Let us start with a simple C program as our guiding example, and have a look at each step of the backend lowering after running the entire middle-end optimization pipeline, all the way up to the final assembly.
#define N 64
void matmul(const float *restrict x, const float *restrict y,
float *restrict res) {
for (int i = 0; i < N; ++i)
for (int j = 0; j < N; ++j)
for (int k = 0; k < N; ++k)
res[N * i + j] += x[N * i + k] * y[N * k + j];
}
First, we run the front-end, and the full middle-end optimization pipeline to obtain the optimized LLVM IR that's handed off to the backend. Running clang --target=riscv64 -march=rv64gc -O3 -emit-llvm -S emits:
define void @matmul(ptr noalias %x, ptr noalias %y, ptr noalias %res) {
entry:
br label %ph
ph:
%iv.outer = phi i64 [ 0, %entry ], [ %iv.outer.next, %common.exit ]
%shl = shl nuw nsw i64 %iv.outer, 6
br label %common.ph
exit:
ret void
common.ph:
%iv.middle = phi i64 [ 0, %ph ], [ %iv.middle.next, %inner.loop.exit ]
%or = or disjoint i64 %iv.middle, %shl
%gep.res = getelementptr inbounds float, ptr %res, i64 %or
%load.res = load float, ptr %gep.res
%gep.y = getelementptr float, ptr %y, i64 %iv.middle
br label %inner.loop
common.exit:
%iv.outer.next = add nuw nsw i64 %iv.outer, 1
%exit.cond.outer = icmp eq i64 %iv.outer.next, 64
br i1 %exit.cond.outer, label %exit, label %ph
inner.loop.exit:
store float %conv.next, ptr %gep.res
iv.middle.next = add nuw nsw i64 %iv.middle, 1
%exit.cond.middle = icmp eq i64 %iv.middle.next, 64
br i1 %exit.cond.middle, label %common.exit, label %common.ph
inner.loop:
%iv = phi i64 [ 0, %common.ph ], [ %iv.next, %inner.loop ]
%conv = phi float [ %load.res, %common.ph ], [ %conv.next, %inner.loop ]
%or = or disjoint i64 %iv, %shl
%gep.x = getelementptr inbounds float, ptr %x, i64 %or
%load.x = load float, ptr %gep.x
%shl.iv = shl nuw nsw i64 %iv, 6
%gep.y.2 = getelementptr float, ptr %gep.y, i64 %shl.iv
%load.y = load float, ptr %gep.y.2
%conv.next = tail call float @llvm.fmuladd.f32(
float %load.x, float %load.y, float %conv)
%iv.next = add nuw nsw i64 %iv, 1
%exit.cond = icmp eq i64 %iv.next, 64
br i1 %exit.cond, label %inner.loop.exit, label %inner.loop
}
The astute reader will note that we have strategically omitted the vector extension of RISC-V (we use -march=rv64gc instead of -march=rv64gcv) to avoid unnecessarily complicating the exposition due to the vectorization passes in LLVM. Auto-vectorization has already been discussed previously.
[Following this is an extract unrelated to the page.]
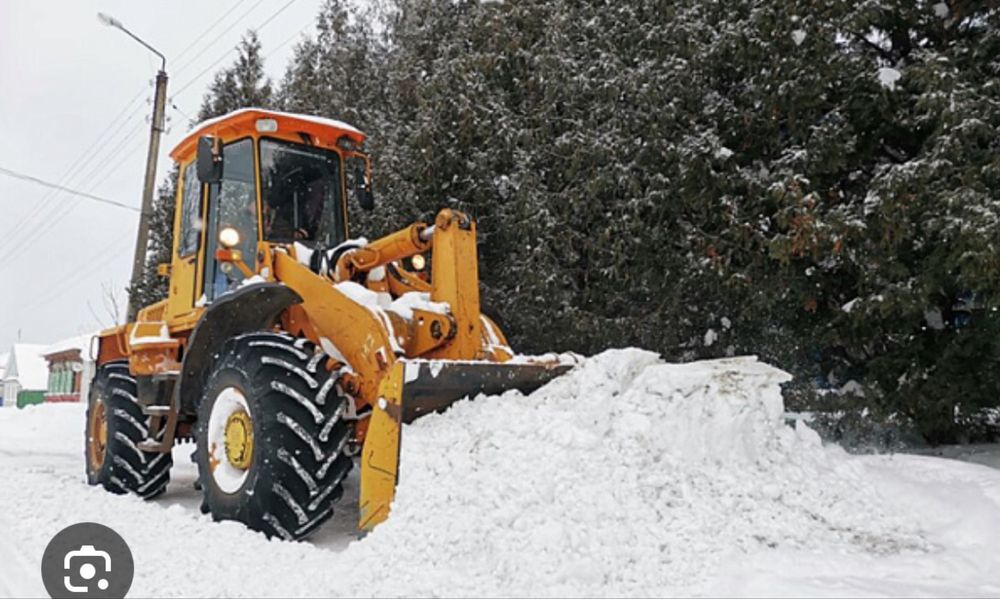 Вывоз снега, уборка территории, снег.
The first thing to notice is that the body of the function is cleanly separated into basic blocks: entry, ph, common.ph, inner.loop, inner.loop.exit, common.exit, and exit. Next, notice that the IR is in single-static-assignment (SSA) form, which means is that variables like %iv are only ever defined once. Since this is a loop that requires incrementing the induction variable, a fresh %iv.next variable is created, and %iv is a phi node that selects between the values 0 when jumping into the loop block from entry, and %iv.next when jumping to the inner.loop block from the back-edge of the inner loop. All the instructions (load, getelementptr, store, or, shl etc.) are target-independent instructions that are used throughout the LLVM middle-end. The target-specific instructions will only be seen after instruction selection.
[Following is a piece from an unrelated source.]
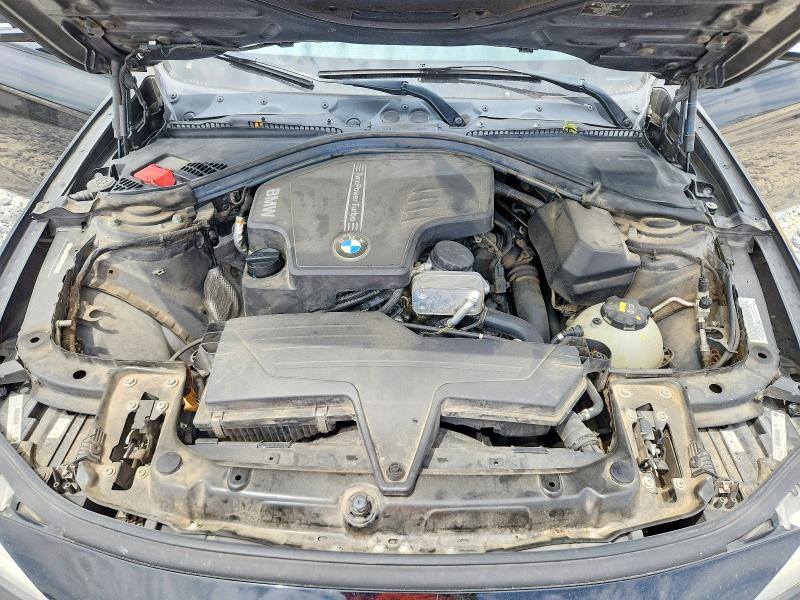 2015 Bmw 320 მანქანა იყიდება აუქციონზე, vin: WBA3B1G57FNT02389, აუქციონის ნომერი: 53646376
The first step in the lowering process is instruction selection. We can look at the output of this step by running llc --print-after-isel:
Function Live Ins: $x10 in %18, $x11 in %19, $x12 in %20
bb.0 (%ir-block.3):
successors: %bb.1(0x80000000); %bb.1(100.00%)
liveins: $x10, $x11, $x12
%20:gpr = COPY $x12
%19:gpr = COPY $x11
%18:gpr = COPY $x10
%22:gpr = COPY $x0
%21:gpr = COPY %22:gpr
bb.1 (%ir-block.4):
successors: %bb.3(0x80000000); %bb.3(100.00%)
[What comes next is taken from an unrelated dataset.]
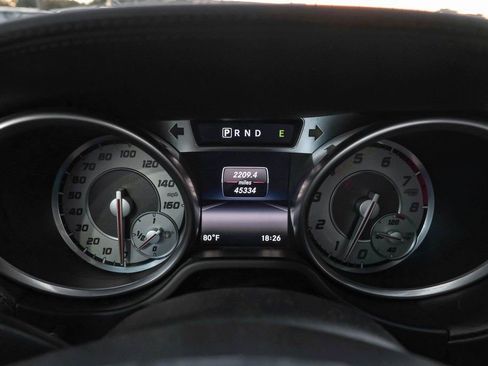 Used 2016 Mercedes-Benz SL 550 image 16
%0:gpr = PHI %18:gpr, %bb.0, %9:gpr, %bb.4
%1:gpr = PHI %21:gpr, %bb.0, %8:gpr, %bb.4
%2:gpr = nuw nsw SLLI %1:gpr, 6
%24:gpr = COPY $x0
%23:gpr = COPY %24:gpr
PseudoBR %bb.3
bb.2 (%ir-block.7):
PseudoRET
bb.3 (%ir-block.8):
successors: %bb.6(0x80000000); %bb.6(100.00%)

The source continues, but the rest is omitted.